The line with "Red Murano Sommerso" marks the first line to copy, and the line with "Casquette ajustable en" marks the last. Transcribe that stretch of the data below exactly, without pictures.

*Material provided*.
_ _ _ _ _ _ _

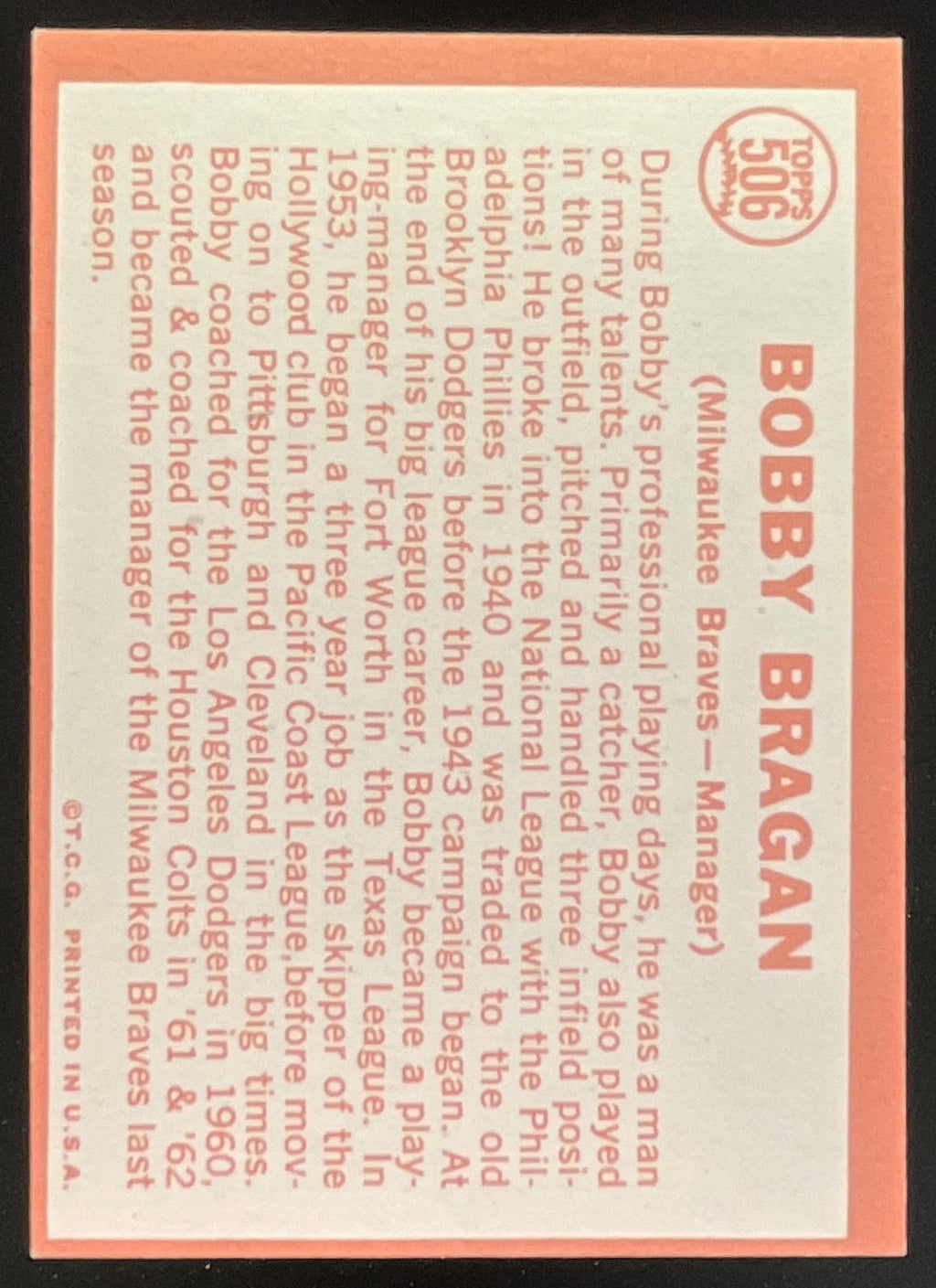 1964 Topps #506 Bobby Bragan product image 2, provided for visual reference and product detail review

_ _ _ _ _ _ _

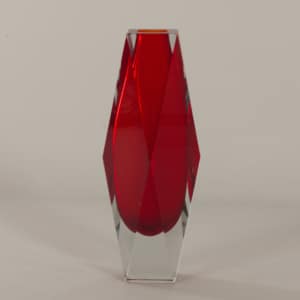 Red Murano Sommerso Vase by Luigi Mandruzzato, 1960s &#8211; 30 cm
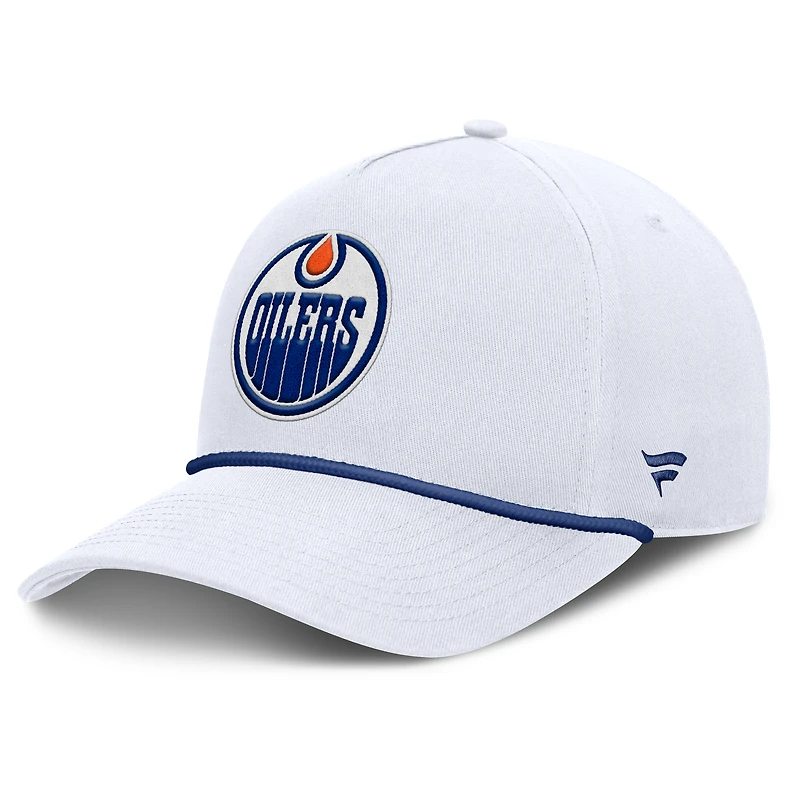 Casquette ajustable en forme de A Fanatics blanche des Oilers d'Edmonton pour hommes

_ _ _ _ _ _ _

*Solution below*.
 Red Murano Sommerso Vase by Luigi Mandruzzato, 1960s &#8211; 30 cm
 Casquette ajustable en forme de A Fanatics blanche des Oilers d'Edmonton pour hommes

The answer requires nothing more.